Hattersley wrote well over 20 years ago:
http://www.theguardian.com/politics/2001/jun/24/labour2001to2005.news$
“It's no longer my party”
“It has been a difficult four years for the Labour Party's unrepentant social democrats. One by one, the policies which define our philosophy have been rejected by the Prime Minister. [...] In fact, success has emboldened the Prime Minister to move further to the Right. [...] Now that the Labour Party - at least according to its leader - bases its whole programme on an alien ideology, I, and thousands of like-minded party members, have to decide if our loyalty is to a name or to an idea. [...] The certain knowledge that the Conservative Party would be a worse government than Labour is not enough to sustain what used to be a party of principles. [...]
At this moment Labour stands for very little that can be identified with social democracy. We could resign or we could sulk in our tents like Patroclus. Or, believing that the party does not belong to Tony Blair, we could rise up against the coup d'état which overthrew the legitimate philosophy. Too many party members have chosen to retire hurt.”

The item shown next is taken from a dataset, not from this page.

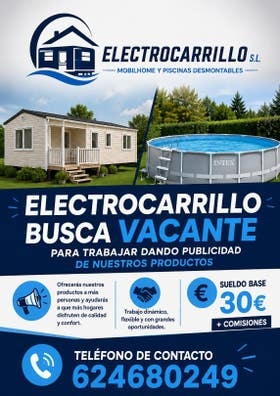 ofrecemos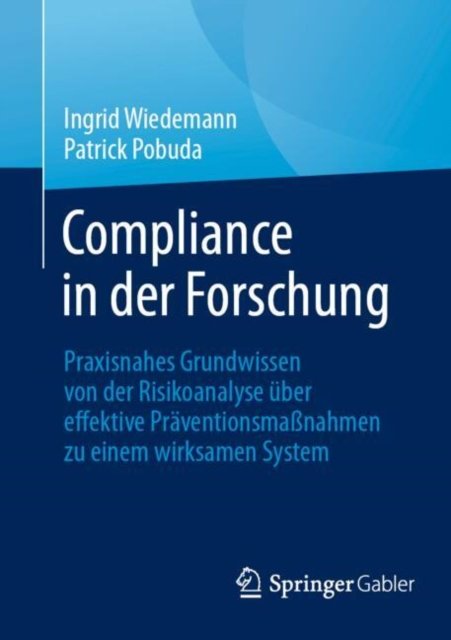 Compliance in Der Forschung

My advice for those who haven't left already is to stay, and work patiently to restore the Labour Party and take it back one day from the Mandelson Tendency.
Far too late for the "mediocrity forum" which Starmer and his fellow-Right wing traitors have now created to replace that once vibrant democratic assembly of members and activists striving to deliver social change and the ongoing pursuit of collectivism. Activism is the very last thing the usurping Establishment "plant" ever wishes to see again in the emasculated and much dwindled assemblage he still has the effrontery to call the Labour Party!!